Elements of the US 36th Division, commanded by Major General Fred L. Walker, crossed the Gari river in boats and seized the river’s western bank. However, the US forces were then cut off from reinforcement and subjected to heavy fire and counterattacks from elements of Generalleutnant Eberhardt Rodt’s 15th Panzergrenadierdivision. The 36th Division suffered very high losses, and after two days of fighting the survivors retreated back across the river.
Late in 1943, the Italian campaign had reached a turning point. The Allied advance to the north through Italy bogged down around Monte Cassino, which was a crucial point in the Axis defensive position known as the 'Gustav-Linie', the most important of the three German defensive lines constituting the 'Winter Line'. As a result, Allied commanders planned to outflank the Germans with 'Shingle', an amphibious landing at Anzio between the 'Gustav-Linie' and Rome.
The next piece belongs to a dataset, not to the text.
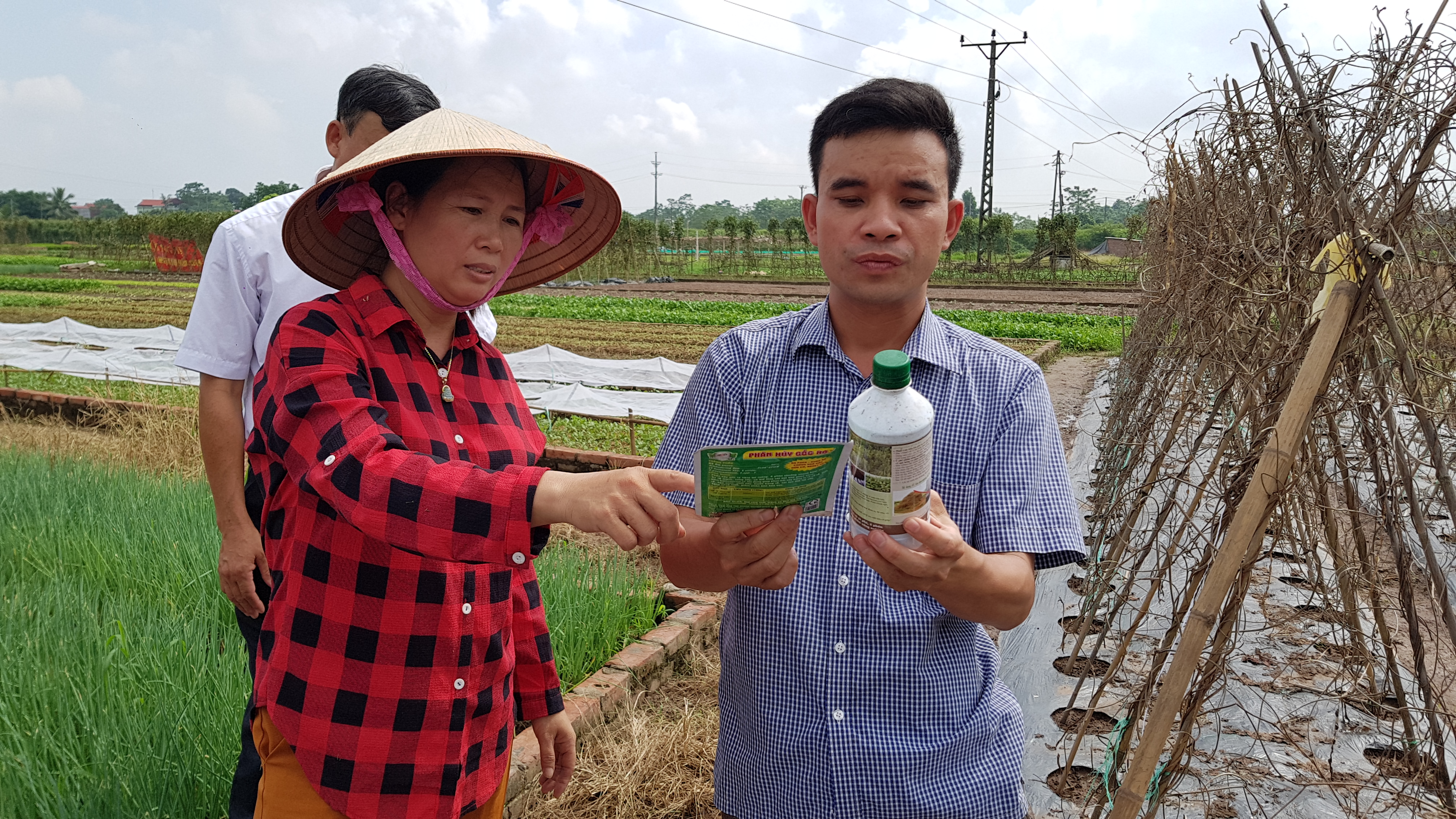 Lan tỏa tinh thần hiếu học từ các mô hình học tập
To assist in the landing, Allied forces to the south were to launch attacks in the days leading up to 'Shingle' by seizing German positions across the Garigliano and Rapido rivers in the hope that this would result in the movement of forces from the Anzio area to the south in order to counter these attacks. However, the simultaneous attack at Anzio limited the availability of air support for the river crossings.
Lieutenant General Mark W. Clark, commander of the US 5th Army, ordered a crossing of the Gari river, to the south of Monte Cassino, by the 141st Infantry and 143rd Infantry, both of these being regiments of the US 36th Division in Major General G. Keyes’s US II Corps. After a bridgehead had been secured, an armoured advance was to strike across the Liri river valley.
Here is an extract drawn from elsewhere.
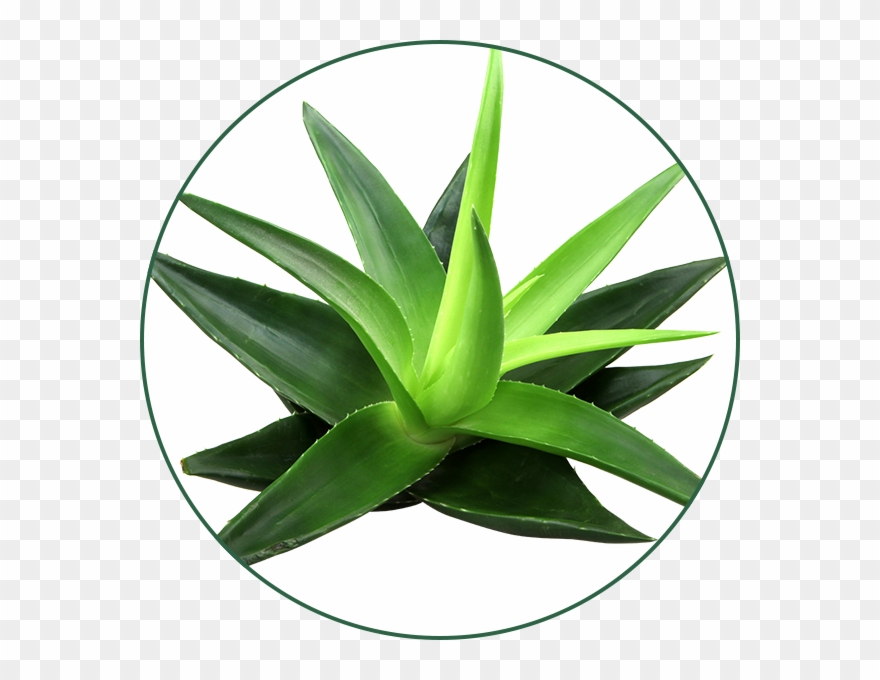 Gel De Aloe Vera - Aloe Vera Clipart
On the night of 20 January, the US 36th Division fired an artillery barrage of 31,000 rounds on German positions across the Gari river, causing only negligible damage. Feint attacks were conducted by Major General Charles W. Ryder’s US 34th Division to the north, near Monte Cassino, to divert attention from the main advance. After the barrage had ended, the 141st and 143rd Infantry were ordered to cross the river at 19.00. Initial casualties were inflicted on the Allies by landmines on the river’s eastern bank, despite the efforts of army engineers tasked with clearing the approaches to the river. German artillery fire responding to the barrage also landed hits on elements of the 141st Infantry before it was able to reach the river. Two infantry companies of the 143rd Infantry successfully crossed the river, but German return fire resulted in the loss of too many men and landing boats, and the regiment’s foothold was abandoned. The 141st Infantry fared still worse, being forced to withdraw with heavy casualties after landing directly in a minefield.
On the following day, both regiments were ordered to attack once again, beginning at 16.00. Although this assault met with more success, the US foothold was still unsustainable, as withering fire from the 15th Panzergrenadierdivision, of General Fridolin von Senger und Etterlin’s XIV Panzerkorps within Generaloberst Heinrich von Vietinghoff-Scheel’s 10th Army, prevented the construction of pontoon and Bailey bridges by engineers. Without the bridges, US armour could not assist in the attack, and the infantrymen were left to fight on their own, resulting in devastating casualties for the two regiments. After more than 20 hours of fruitless combat, both were ordered to withdraw. The 143rd Infantry was able to withdraw relatively intact, but much of the 141st Infantry was left stranded by the destruction of their bridges and boats by German fire. The Germans counterattacked the trapped Americans, capturing hundreds of soldiers. decided against committing his division’s last regiment, the 142nd Infantry, and the battle concluded at 21.40 on January 22.
No significant gains had been made in either assault, and the original objective of luring away German forces was entirely unsuccessful.
Significant controversy followed the US defeat, with Clark criticising Walker’s execution of the battle plan. Walker responded that the entire battle had been foolhardy and unnecessary, and that Clark’s plan, against which Walker had protested, was all but guaranteed to fail. Otherwise known as the 'Battle of the Gari River', the 'Battle of the Rapido River' was one of the most significant defeats suffered by the US Army during World War II and was the subject of an investigation in 1946 by the Congress to establish responsibility for the disaster. Secretary of War Robert P. Patterson prepared a report in response to the Congressional investigation, in which he concluded that 'the action to which the Thirty-sixth Division was committed was a necessary one and that General Clark exercised sound judgment in planning it and in ordering it.' The president of the 36th Infantry Division Association, testified before the Congress in opposition to Patterson’s conclusions and criticised what he perceived as Clark’s attempt to evade investigation of his conduct.